[Records excerpted from a collection]
****

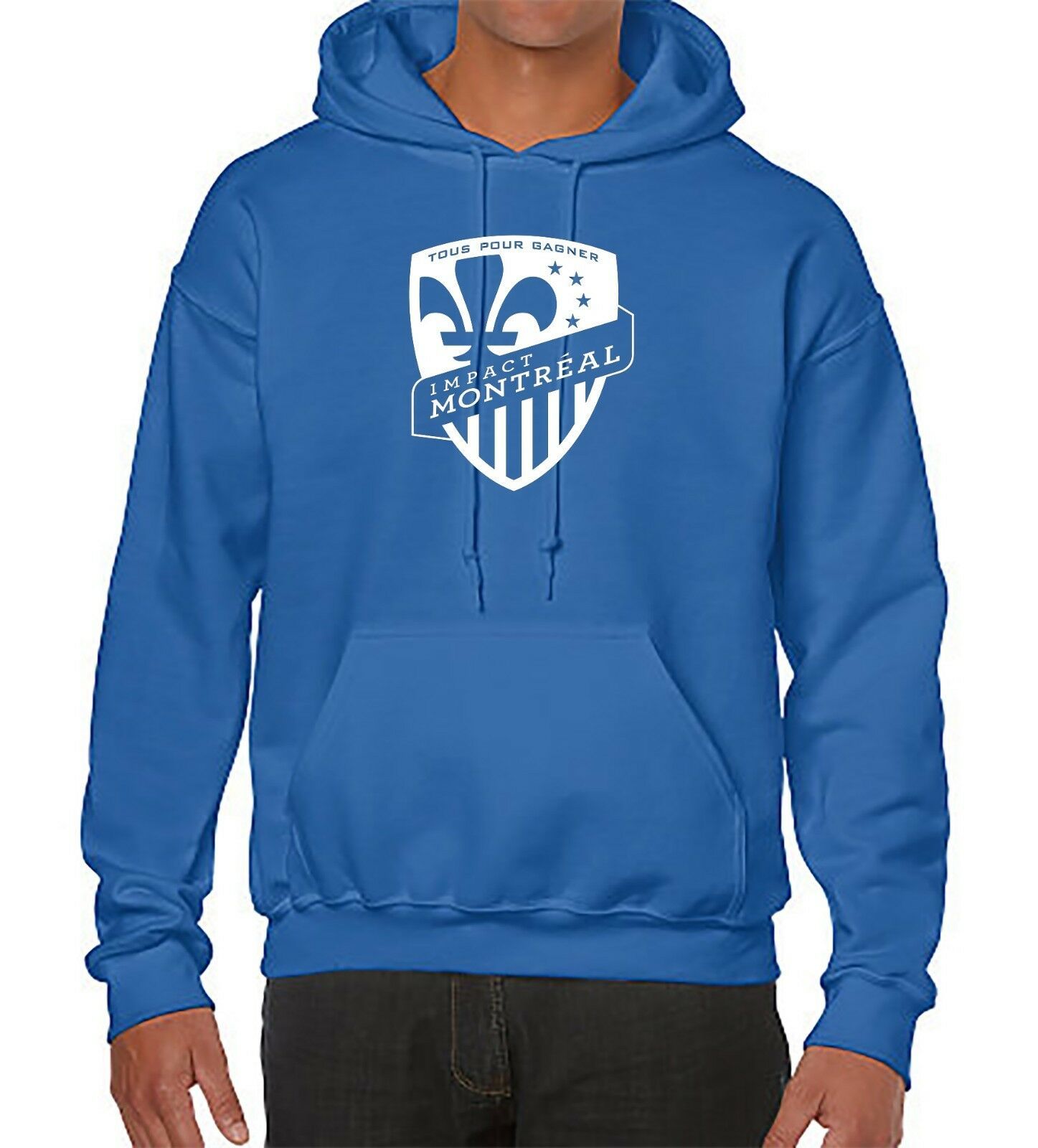 Soccer team hoodie sweater with Montreal Impact logo comfort hoodie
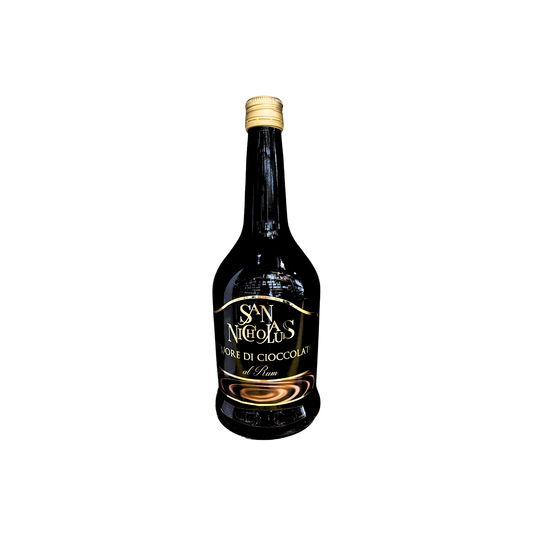 SAN NICHOLAUS Liquore di Cioccolato con Rum 70cl - Bottiglia di liquore cremoso al cioccolato e rum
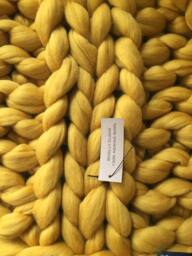 Chunky Knit Blanket/Throw. Handmade . 100% Merino Wool. Size 32x54 Inches. Shipping in 5-7 Business Days - thumbnail 1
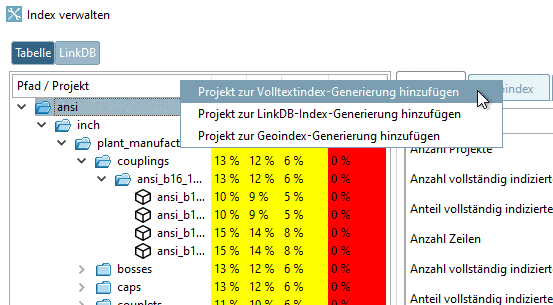Projekt zur Volltextindex-Generierung hinzufügen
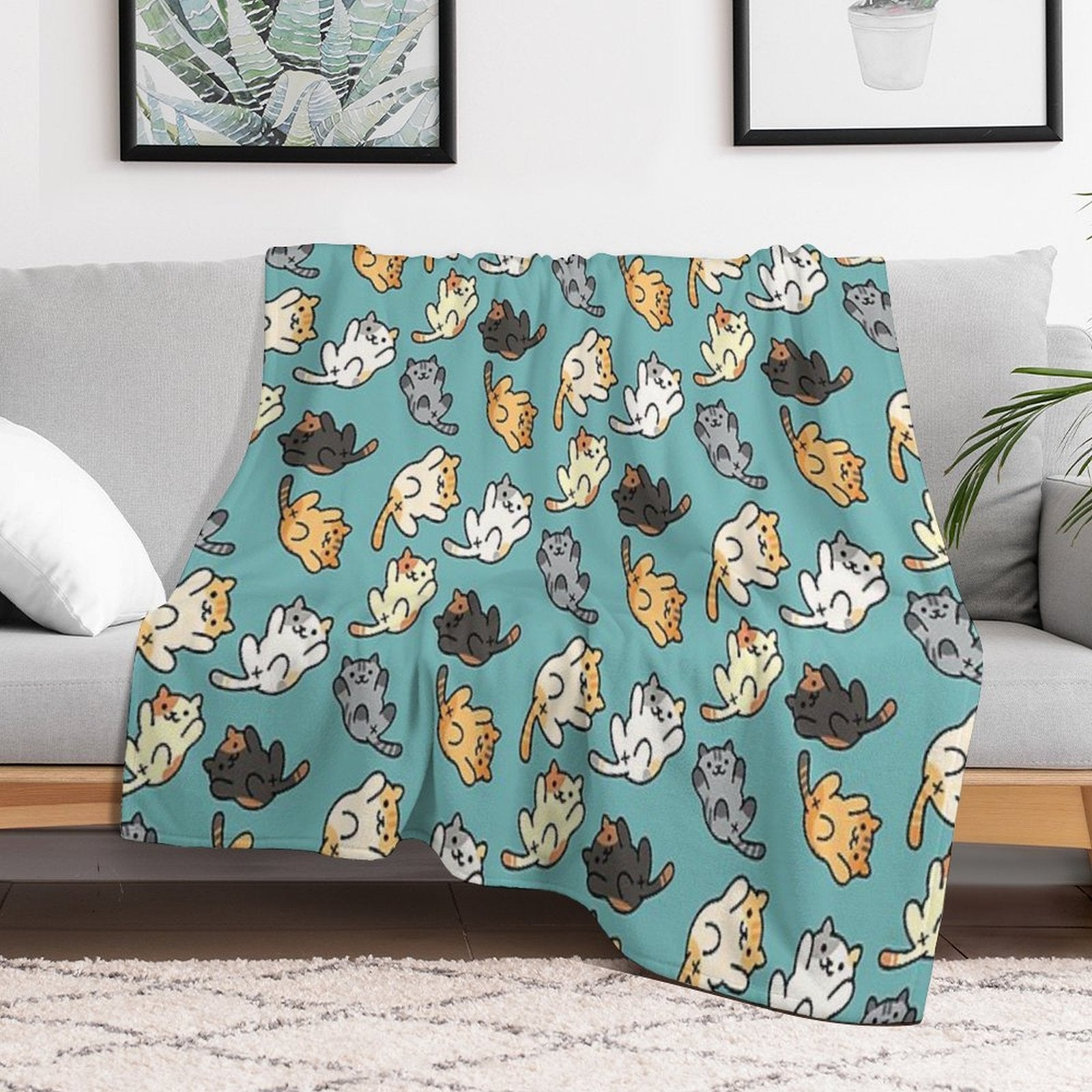 Neko Atsume Versatility Throw Blanket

****

§ DIRECTIONS FOR THIS TASK
Go through the data and return every word of it verbatim, leaving out the pictures.

§ RESPONSE TO THE TASK
 Soccer team hoodie sweater with Montreal Impact logo comfort hoodie
 SAN NICHOLAUS Liquore di Cioccolato con Rum 70cl - Bottiglia di liquore cremoso al cioccolato e rum
 Chunky Knit Blanket/Throw. Handmade . 100% Merino Wool. Size 32x54 Inches. Shipping in 5-7 Business Days - thumbnail 1
Projekt zur Volltextindex-Generierung hinzufügen
 Neko Atsume Versatility Throw Blanket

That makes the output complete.